Dalam Kis 6: 1-7 dikisahkan: "Pada masa itu, ketika jumlah murid makin bertambah, timbullah sungut-sungut di antara orang-orang Yahudi yang berbahasa Yunani terhadap orang-orang Ibrani, karena pembagian kepada para janda mereka diabaikan dalam pelayanan sehari-hari. Berhubung dengan itu 12 rasul itu memanggil semua murid berkumpul. 

Mrk berkata: "Kami tidak merasa puas, karena kami melalaikan Firman Allah untuk melayani meja. Karena itu, saudara-saudara, pilihlah tujuh orang dari antaramu, yang terkenal baik, dan yang penuh Roh dan hikmat, supaya kami mengangkat mereka untuk tugas itu, dan supaya kami sendiri dapat memusatkan pikiran dalam doa dan pelayanan Firman." 

Usul itu diterima baik oleh seluruh jemaat, lalu mereka memilih Stefanus, seorang yang penuh iman dan Roh Kudus, dan Filipus, Prokhorus, Nikanor, Timon, Parmenas dan Nikolaus, seorang penganut agama Yahudi dari Antiokhia. Mereka itu dihadapkan kepada para rasul, lalu para rasul itu berdoa dan meletakkan tangan di atas mereka. Firman Allah makin tersebar, dan jumlah murid di Yerusalem makin bertambah banyak; juga sejumlah besar imam menyerahkan diri dan percaya.  

 

Yohanes dalam injilnya (6: 16-21) mewartakan: Ketika hari sudah mulai malam, para murid Yesus pergi ke danau, lalu naik ke perahu dan menyeberang ke Kapernaum. Ketika hari sudah gelap Yesus belum juga datang mendapatkan mereka, sedang laut bergelora karena angin kencang.
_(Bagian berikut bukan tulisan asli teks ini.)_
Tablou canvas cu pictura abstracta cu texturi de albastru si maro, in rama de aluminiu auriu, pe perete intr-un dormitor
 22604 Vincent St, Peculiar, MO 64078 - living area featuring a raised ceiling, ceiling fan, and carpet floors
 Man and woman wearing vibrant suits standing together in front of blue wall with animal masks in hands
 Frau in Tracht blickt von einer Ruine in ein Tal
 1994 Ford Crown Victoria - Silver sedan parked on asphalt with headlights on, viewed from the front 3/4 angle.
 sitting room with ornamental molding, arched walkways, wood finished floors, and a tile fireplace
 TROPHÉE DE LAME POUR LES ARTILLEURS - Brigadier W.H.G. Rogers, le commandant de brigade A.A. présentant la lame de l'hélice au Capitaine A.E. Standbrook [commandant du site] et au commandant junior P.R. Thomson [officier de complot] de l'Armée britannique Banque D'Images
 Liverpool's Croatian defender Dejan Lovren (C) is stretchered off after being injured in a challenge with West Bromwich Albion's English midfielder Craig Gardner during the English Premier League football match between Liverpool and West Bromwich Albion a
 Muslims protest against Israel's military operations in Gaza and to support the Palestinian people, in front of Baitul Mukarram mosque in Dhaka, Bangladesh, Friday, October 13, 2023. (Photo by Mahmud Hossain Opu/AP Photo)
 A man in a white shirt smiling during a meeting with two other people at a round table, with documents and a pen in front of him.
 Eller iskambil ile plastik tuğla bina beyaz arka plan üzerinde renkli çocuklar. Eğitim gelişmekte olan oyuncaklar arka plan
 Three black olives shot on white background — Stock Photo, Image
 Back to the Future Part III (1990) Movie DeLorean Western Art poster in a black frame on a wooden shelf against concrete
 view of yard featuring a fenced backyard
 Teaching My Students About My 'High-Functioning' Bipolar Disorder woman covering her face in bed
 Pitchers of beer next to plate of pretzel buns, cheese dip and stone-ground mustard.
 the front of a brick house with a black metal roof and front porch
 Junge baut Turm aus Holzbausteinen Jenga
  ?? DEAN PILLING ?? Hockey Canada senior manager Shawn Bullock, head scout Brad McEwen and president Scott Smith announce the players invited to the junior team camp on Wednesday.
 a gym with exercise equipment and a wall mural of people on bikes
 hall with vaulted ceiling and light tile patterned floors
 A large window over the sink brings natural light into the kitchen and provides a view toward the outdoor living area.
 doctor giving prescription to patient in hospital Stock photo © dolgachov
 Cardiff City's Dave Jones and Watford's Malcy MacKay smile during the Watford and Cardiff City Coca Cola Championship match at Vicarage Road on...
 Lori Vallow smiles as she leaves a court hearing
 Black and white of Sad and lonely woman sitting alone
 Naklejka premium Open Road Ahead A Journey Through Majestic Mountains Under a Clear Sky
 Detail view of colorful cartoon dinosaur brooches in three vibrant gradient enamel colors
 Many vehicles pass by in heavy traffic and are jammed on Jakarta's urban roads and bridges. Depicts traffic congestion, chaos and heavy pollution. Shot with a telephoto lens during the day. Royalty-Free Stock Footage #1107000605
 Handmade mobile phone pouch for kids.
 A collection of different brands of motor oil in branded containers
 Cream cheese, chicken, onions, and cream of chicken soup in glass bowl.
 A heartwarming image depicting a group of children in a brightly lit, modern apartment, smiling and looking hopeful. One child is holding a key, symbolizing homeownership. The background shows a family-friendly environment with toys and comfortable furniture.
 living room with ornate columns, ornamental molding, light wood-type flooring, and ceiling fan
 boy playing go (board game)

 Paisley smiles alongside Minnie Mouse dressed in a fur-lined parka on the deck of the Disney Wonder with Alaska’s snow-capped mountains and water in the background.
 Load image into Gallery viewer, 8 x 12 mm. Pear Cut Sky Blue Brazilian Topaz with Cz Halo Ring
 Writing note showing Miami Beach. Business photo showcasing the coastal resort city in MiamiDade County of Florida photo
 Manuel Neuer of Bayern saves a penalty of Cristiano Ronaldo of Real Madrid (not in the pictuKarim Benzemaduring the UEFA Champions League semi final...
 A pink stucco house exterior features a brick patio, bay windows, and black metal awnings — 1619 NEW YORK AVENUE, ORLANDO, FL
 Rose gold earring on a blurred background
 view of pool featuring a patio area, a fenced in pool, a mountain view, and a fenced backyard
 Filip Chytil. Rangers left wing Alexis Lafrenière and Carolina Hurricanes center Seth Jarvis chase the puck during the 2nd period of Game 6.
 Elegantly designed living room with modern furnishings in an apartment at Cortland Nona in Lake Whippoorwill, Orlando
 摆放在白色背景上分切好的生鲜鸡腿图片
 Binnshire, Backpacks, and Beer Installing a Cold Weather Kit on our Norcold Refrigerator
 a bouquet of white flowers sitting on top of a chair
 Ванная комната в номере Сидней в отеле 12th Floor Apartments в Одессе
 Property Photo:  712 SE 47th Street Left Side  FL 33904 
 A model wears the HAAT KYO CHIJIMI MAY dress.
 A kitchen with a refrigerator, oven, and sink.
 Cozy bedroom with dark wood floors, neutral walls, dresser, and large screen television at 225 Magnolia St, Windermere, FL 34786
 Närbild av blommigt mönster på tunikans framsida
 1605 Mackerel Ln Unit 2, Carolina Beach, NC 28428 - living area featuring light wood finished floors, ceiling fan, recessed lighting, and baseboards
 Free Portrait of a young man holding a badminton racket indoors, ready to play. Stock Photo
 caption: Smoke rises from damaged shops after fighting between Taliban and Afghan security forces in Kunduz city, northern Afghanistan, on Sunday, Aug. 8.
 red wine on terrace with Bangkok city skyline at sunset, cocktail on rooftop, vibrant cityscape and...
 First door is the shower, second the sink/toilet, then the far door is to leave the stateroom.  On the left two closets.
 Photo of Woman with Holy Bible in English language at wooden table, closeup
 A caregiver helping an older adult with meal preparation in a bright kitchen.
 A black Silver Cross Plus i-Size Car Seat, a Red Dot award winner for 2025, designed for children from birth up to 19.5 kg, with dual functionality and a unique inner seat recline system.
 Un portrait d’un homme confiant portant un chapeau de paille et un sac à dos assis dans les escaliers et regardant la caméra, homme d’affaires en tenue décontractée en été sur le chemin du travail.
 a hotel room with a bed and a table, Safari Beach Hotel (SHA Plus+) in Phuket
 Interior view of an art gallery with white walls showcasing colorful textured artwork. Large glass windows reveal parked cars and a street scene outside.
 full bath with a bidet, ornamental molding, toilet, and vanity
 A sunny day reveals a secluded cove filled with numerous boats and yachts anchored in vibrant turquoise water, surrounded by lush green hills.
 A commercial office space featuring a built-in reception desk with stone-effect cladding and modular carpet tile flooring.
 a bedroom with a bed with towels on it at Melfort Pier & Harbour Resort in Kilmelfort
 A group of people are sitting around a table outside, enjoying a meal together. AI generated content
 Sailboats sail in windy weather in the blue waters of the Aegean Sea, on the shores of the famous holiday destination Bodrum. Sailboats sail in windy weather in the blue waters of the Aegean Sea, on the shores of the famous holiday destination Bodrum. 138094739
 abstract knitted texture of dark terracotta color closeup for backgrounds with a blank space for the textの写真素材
Sesudah mereka mendayung kira-kira dua tiga mil jauhnya, mereka melihat Yesus berjalan di atas air mendekati perahu itu. Maka ketakutanlah mereka, tetapi Ia berkata: "Aku ini, jangan takut!" Mereka mau menaikkan Dia ke dalam perahu, dan seketika juga perahu itu sampai ke pantai yang mereka tujui.

 

Hikmah yg dpt kita petik:

1. Para rasul menyadari bhw mereka melalaikan pewartaan firman, karena begitu sibuk utk pelayanan meja (urusan makan minum) yg semestinya dilakukan oleh umat Allah sendiri. Supaya tertib, dipilihlah 7 org yg terkenal baik utk pelayanan itu. Mrk itu disebut diakon.Pada masa skg ini, umat awam telah banyak yg dipilih dan dilibatkan dalam pelbagai bidang pelayanan. Mereka menjadi penyalur2 berkat Tuhan. Ketika dibicarakan dg baik, oleh para pejabat / org2 yg berwenang memutuskan dan kaum awam juga mau terlibat sbg diakon / prodiakon, banyak bidang pelayanan dpt dilaksanakan dg baik dan semua mengalami damai sejahtera. 

 

2. Ketika para rasul sdg dalam keadaan bingung dan panik di tengah hantaman badai, apalagi tengah malam, sosok apa pun yg mincul dipandang sbg hantu / "sosok yg menakutkan". Mrk merasa tidak mampu utk menghadapi alam dan sosok yg menakutkan itu. Syukurlah yg hadir adalah Yesus Tuhan. Hendaknya kita yakin dan percaya, bhw ketika dalam keadaan kalut, berbeban berat, kita memanggil dan meminta pertolongan Tuhan, ada sosok / pribadi yg akan hadir. Bila membawa damai dan alam juga tenang, Dia adalah Tuhan sendiri atau utusanNya. Sebaliknya, bila banyak menuntut dan lama2 menakutkan, dia itu roh jahat. Sdr / kita berdoa kpd Allah bersama-sama agar iman kita makin bersatu dan kuat, shg dia / mereka itu pergi. Amin. (Mgr Nico Adi MSC).